State Sen. Scott Wagner was among several Republicans pushing for more information about unemployment center spending involving the fund, also known by the acronym SIIF.
"I have directed my team to immediately begin an audit to evaluate L&I’s duties and responsibilities related to fulfilling the intent" of the law DePasquale said Thursday.
Under Act 34 of 2013, lawmakers set up the fund as a temporary measure as the department looked to replace aging technology and improve customer service at its unemployment compensation centers.
The state transferred $178.4 million to the fund between 2013 and the end of 2016.
Department officials said the money did help reduce wait times at the eight centers, as well as meeting federal benchmarks where the centers had previously fallen short.
But after the department requested an additional $57.5 million for the coming year, Senate Republicans decided not to bring the funding to a vote, and raised questions about agency spending — including why its budget was still relying on what had been intended to be a temporary fix.
Department officials said the additional money was needed to continue system improvements as federal funding decreased.
The standoff led the department to lay off workers and close three of the eight centers.
The matter also could become a campaign issue. Wagner earlier this month announced his intent to run for governor in 2018. Wolf, a Democrat elected in 2014, is expected to seek re-election.
The auditor general said he felt it was important to do an independent audit as a means of looking into issues "real and perceived."
DePasquale acknowledged Republican concerns about whether funding amounts were reflective of actual needs, or "just a blank check going forward."
"I am hopeful that this audit can shed some light on what happened to the funding already provided and help legislators and the governor find the most beneficial path forward that ensures people receive the services they need in the most efficient and effective manner possible," DePasquale added.
His office outlined how auditors will begin the process, saying they will start by:
• Reviewing L&I’s accounting of expenditures made from the Unemployment Compensation Service and Infrastructure Improvement Fund each year,
• Validating improvements and efficiencies for the unemployment compensation system, including any cost savings, achieved by L&I using SIIF money,
• Evaluating the reasonableness of L&I’s economic forecast of the potential impact to the UC system in the future, and
• Reviewing L&I’s economic forecast/projection on how and when the department can eliminate the need for additional SIIF funding; and ensure the implementation of new technologies for the UC system.
The audit period will extend from January 2013 through completion, which is anticipated this spring.

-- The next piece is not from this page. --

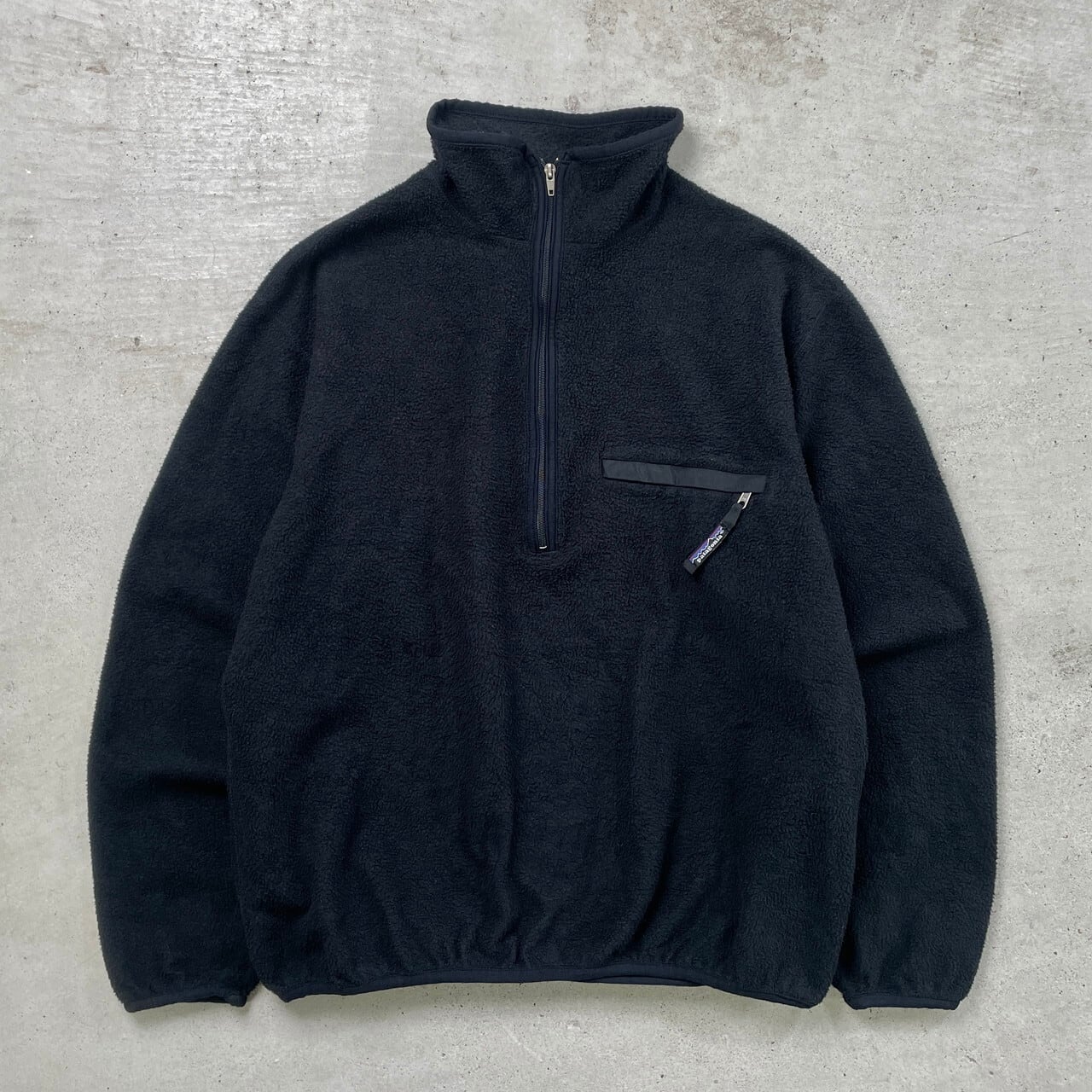 90年代 USA製 patagonia パタゴニア オールブラック フリースプル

During a conference call with reporters, DePasquale said he doesn't usually set a timeline on audits so as not to "compromise the quality of the work," but he is pushing his team to get this one finished by April so the governor and lawmakers have the information they need in time for budget season.
Department of Labor and Industry officials released the following statement in response to the announcement:
"The department supports and welcomes the Auditor General's announcement to conduct a performance audit of the Service and Infrastructure Improvement Fund (SIIF) and ongoing funding needs of the state's unemployment compensation system.
"We have maintained an atmosphere of transparency and cooperation throughout the legislative process that created the SIIF in 2013 and the 2016 legislation that was not voted on by the Senate. In fact, as part of the compromise bill that overwhelmingly passed the House and supported by the administration to keep the centers funded and open, an audit requirement was included.
"We will work with the Auditor General and his staff to provide information towards a thorough and timely completion of this important audit with the ultimate goal of providing an efficient and appropriately funded unemployment system for Pennsylvanians."